The man shields his face with the one arm. “Who?”
“We’re looking for John Gates,” Jake speaks up. “The white guy who wears the MTA shirt.”
“John G.?” says the troll, making the name sound like a curse. “He lives over in the suburbs with Rat Man.”
He points to the fire under the archway on the left. “Hey, Abaham!” he calls out. “Company! Man wants to talk to John G.”
A black man’s voice answers from somewhere under the archway, but the words are lost in the rumble of West Side Highway traffic overhead.

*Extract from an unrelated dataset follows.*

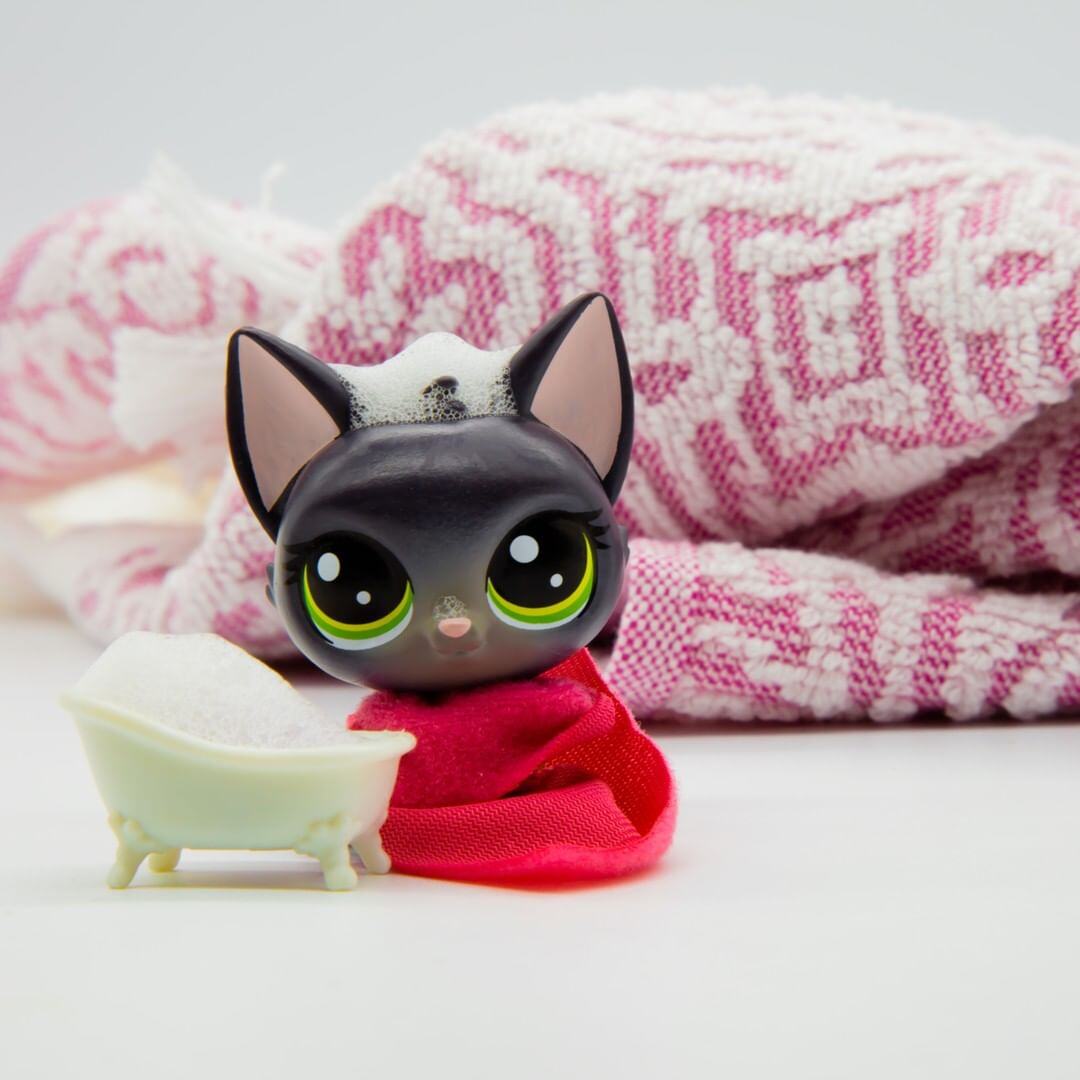 pickle-lps-8 pickle-lps-8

Philip’s flashlight beam moves toward the sound but finds only a flaming oil drum.
“Abraham, come the fuck out, man!” the troll yells. “These people came to see youse guys.”
More rats scurrying. The shivering sound again. Jake glances behind him and sees that the lights at the south end of the tunnel are gone. There’s no easy way to turn back.
“Who’s that calling out my name?” Abraham shouts.
Jake raises his flashlight and sees a tall black guy in a baseball cap stepping from behind the fire. As he comes toward them, dreadlocks swing like a ragged curtain around his head.
“Yo, get that shit outta my eyes,” he says. “You tryin’ to blind me?”
Jake moves the beam away from his face and sees a second shadowy figure emerge from behind the fire. Bony hips, lopsided walk. There’s no mistaking John G.’s silhouette.
“Yo, whatchoo you looking for, man?” says Abraham, moving out of the light’s beam as he approaches. “This is my tunnel. Who invited you down here?”
As Philip moves past him to confront Abraham, Jake catches a sour tart odor with a sting on the end of it. House scotch. It takes a couple of seconds to fully register that his new friend has been drinking. He suddenly has a vision of himself tied to a huge rock rolling down a steep hill.
“We’re not interested in you,” Philip says to Abraham. “It’s your friend we wanna talk to.”
“Well, he’s with me,” says Abraham. “You wanna talk to him, you talk to me.”
Jake hears the tap of metal on metal to his right. Ronnie touching one of the rails with his aluminum bat; he better watch it, or he’ll catch six hundred volts. A train horn blares.
Philip raises his flashlight again and shines it in Abraham’s eyes.
“Whaddya, deaf, asshole? I just said I don’t wanna talk to you. I wanna talk to your friend.”
“Yo, what’d I tell you, man, about keeping that light outta my eyes?”
Jake moves his flashlight beam around until he finds John G. standing a little bit behind Abraham, wobbling and squinting as if he’s just waking up from general anesthetic.
Again, he seems so vulnerable. Jake has to remind himself that Gates almost caused him to get hit by a car the other night.